В общем, нет у меня больше спецосведа по фамилии Здоров. Каноны ему не позволяют, видите ли, совмещать службу церковную и мирскую. На вопросы же о жизни церкви и смысле Писания, если таковые у меня возникнут, он, душка, отвечать всегда готов.

Всегда готов, понимаете ли! А к Тугоухову на ковер он, случайно, идти не готов? Нет, конечно! Зачем ему это мирское развлечение? К Тугоухову Фрейлах пойдет. И будет выслушивать, какой Тугоухов у нас революционно бдительный и какой он, Фрейлах, шлимазл, что пригрел на груди эту злобную контру в рясе, хотя Тугоухов его предупреждал, и не раз предупреждал: не будет от попа толку. Но Фрейлах выслушает, ему что? У Фрейлаха же канонов (то есть, прости господи, правил) нету — он же не церковь, ему все нипочем.

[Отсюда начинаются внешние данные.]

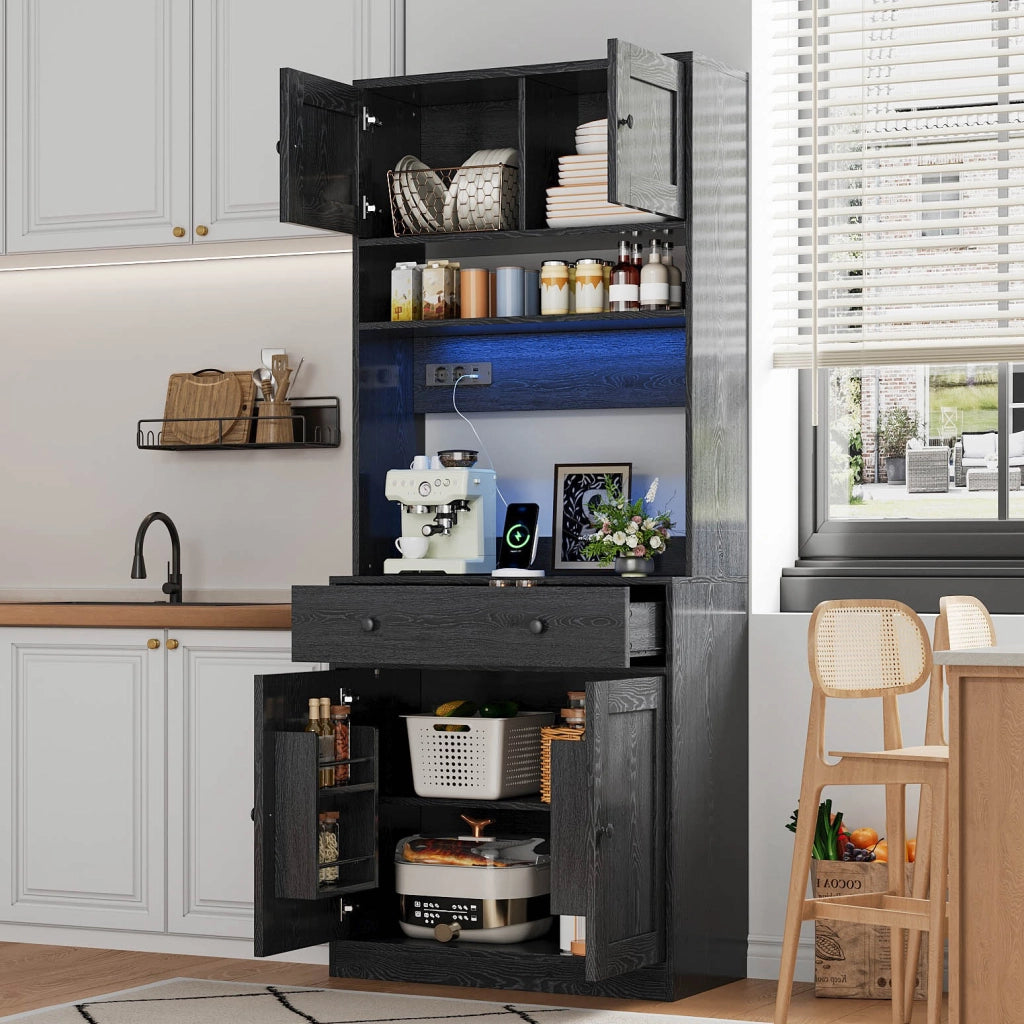 Mobile da cucina 72 × 40 × 180 cm con LED RGB prese AC e USB cassetto grande ripiani MDF nero fissaggio a parete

Да черт бы с ним, с Тугоуховым, тем более, у него ангина, и он еще с неделю проваляется дома, если не больше. Что я с тобой-то, дорогой мой товарищ Здоров, делать буду теперь? Ты думаешь, письмо написал — и свободен, да? Согрешил — покаялся — прощен? Так, дорогой, только у вас в церкви бывает. А соввласть, она не твой господь Саваоф: она не простит такого письма, это ты понимаешь, дурья твоя башка? И угадай, кого пошлют за тобой, когда придет время? Правильно, Фрейлаха пошлют. Потому что Фрейлах — ценный работник и верный ленинец, а только верные ленинцы могут доехать до Вудор и не завязнуть в вечной присылвинской топи. И Фрейлах поедет, и будет в глаза тебе смотреть, и привезет тебя, куда следует, и станет допрашивать со всей строгостью протокола революционного дознания. Ты обо всем этом подумал, отец Петр, когда письмо свое идиотское писал? Нет? Зачем тебе эти мирские заботы, а? Что тебе до Фрейлаха? Ведь его в каноны твои записать забыли, он даже не твоей веры — чего с ним церемониться, да?

А что я переживаю, спрашивается? Знаешь, иди ты к черту, дорогой товарищ Здоров, вместе со своими канонами. Знать тебя не желаю больше. Все вы одинаковые. Добрыми хотите быть. Только чтобы добро в мире было, кому-то надо злым стать. Иначе придет настоящее зло и оставит от добра рожки да ножки. Испачкаться надо ради добра-то. Иначе никак. Только тебе, товарищ Здоров, этого все равно не понять. В канонах твоих такого не пишут небось, а?

Мама говорит, Песах сегодня. Вот ведь как совпало-то…

2/X (2 тишрея4), воскресенье

Сегодня выходной. Отоспался. Мама с Эськой притащили с утренней прогулки кленовых листьев и сушили их утюгом на букеты. Запах этих листьев меня и разбудил. Хорошо! 

Завтракали поздно и совсем по-новогоднему. Мире пациентка очень кстати принесла вчера корзину антоновки и горшочек меду нового урожая. Мама счастлива. Ворчала, конечно, что опять без халы: мы извели за месяц всю муку, и сахара не осталось ни крошки, — но чинно макала кусочки яблок в мед и жмурилась от удовольствия. Даже Эську не ругала, хотя та сначала разнылась, что яблоки кислые, потом вся измазалась в меду и наконец набила рот так, что едва могла жевать. 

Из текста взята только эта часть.